RECORDED DATA:
- Opening Delimiter -

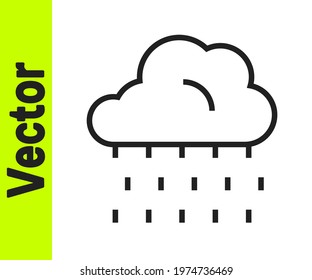 Black line Cloud with rain icon isolated on white background. Rain cloud precipitation with rain drops.  Vector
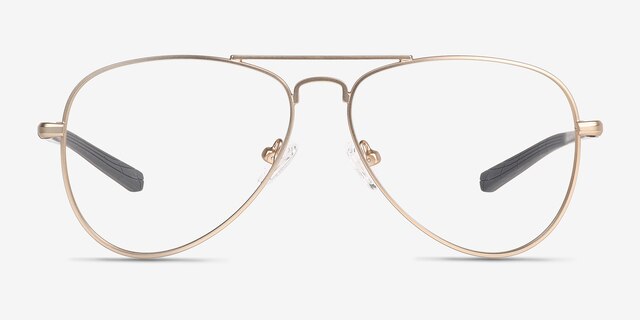 Zest Matt Gold MetalEyeglass Frames from EyeBuyDirect, Front View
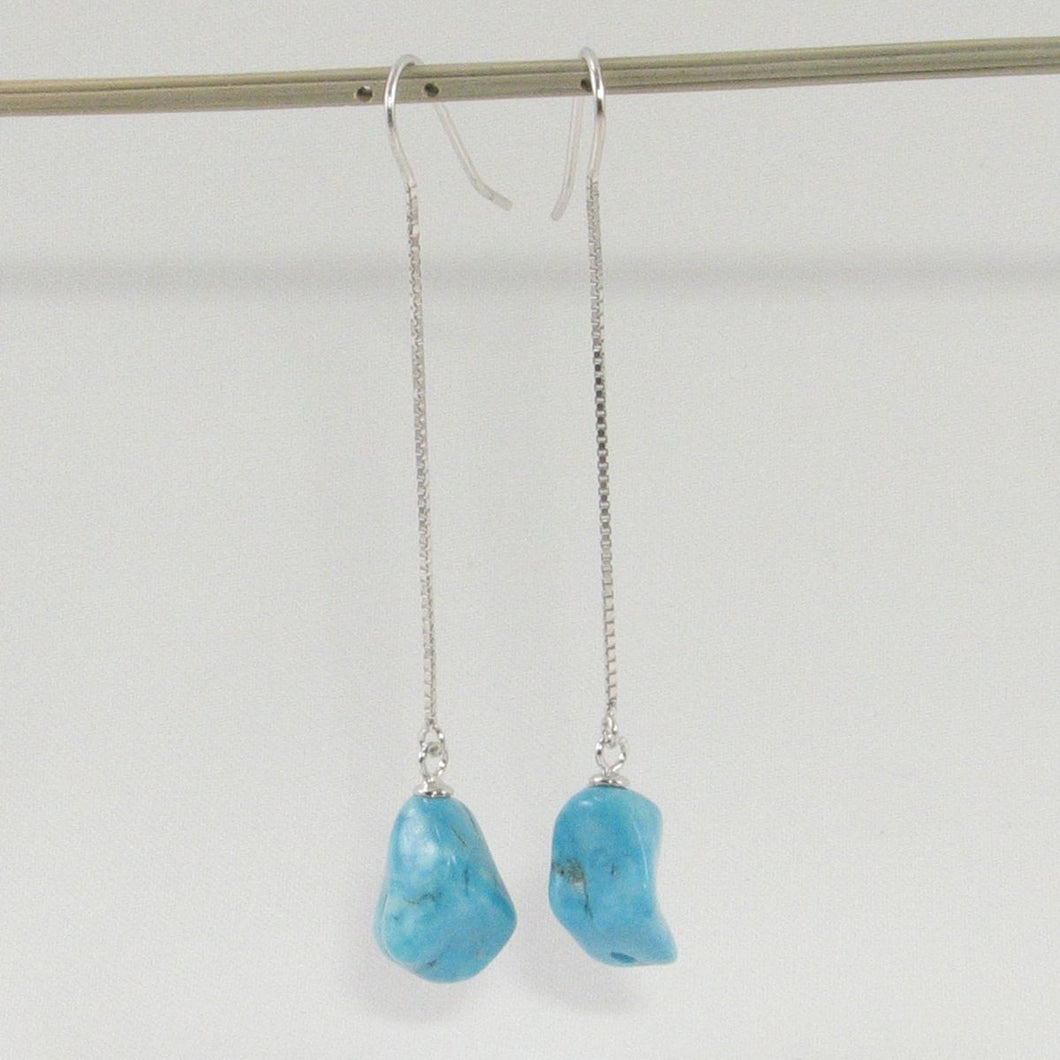 Solid Sterling Silver 925 Baroque Turquoise Box Chain Hook Earrings
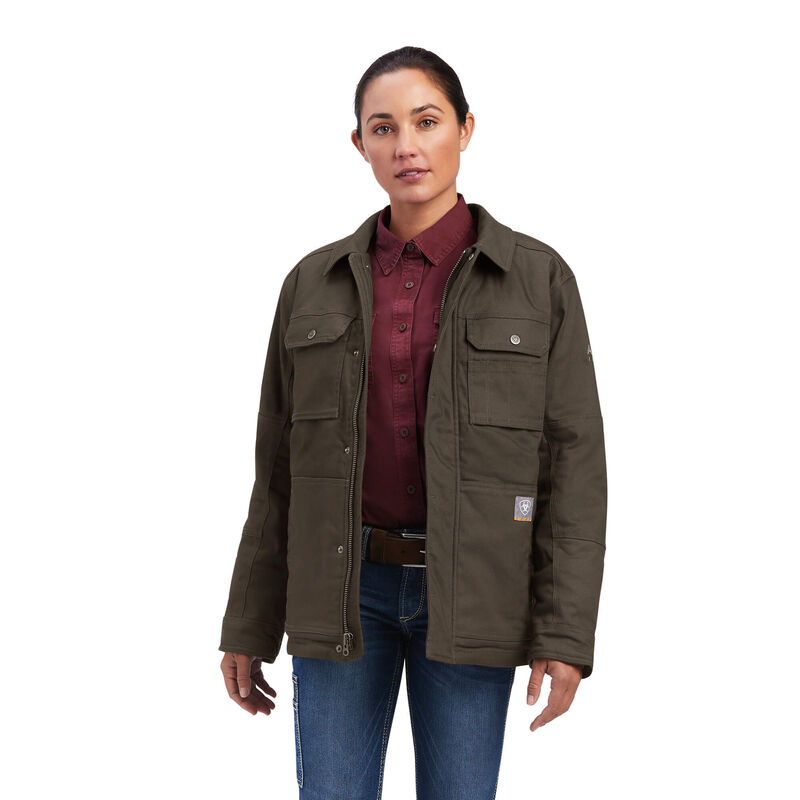 Chaqueta Ariat Rebar Duracanvas Sherpa-Lined Marrones Oscuro Mujer - Chile 972-KVNDAO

- Closing Delimiter -

BRIEF:
Word for word, retype all of the data above, but include no pictures.

RESULT OF THIS TASK:
 Black line Cloud with rain icon isolated on white background. Rain cloud precipitation with rain drops.  Vector
 Zest Matt Gold MetalEyeglass Frames from EyeBuyDirect, Front View
 Solid Sterling Silver 925 Baroque Turquoise Box Chain Hook Earrings
 Chaqueta Ariat Rebar Duracanvas Sherpa-Lined Marrones Oscuro Mujer - Chile 972-KVNDAO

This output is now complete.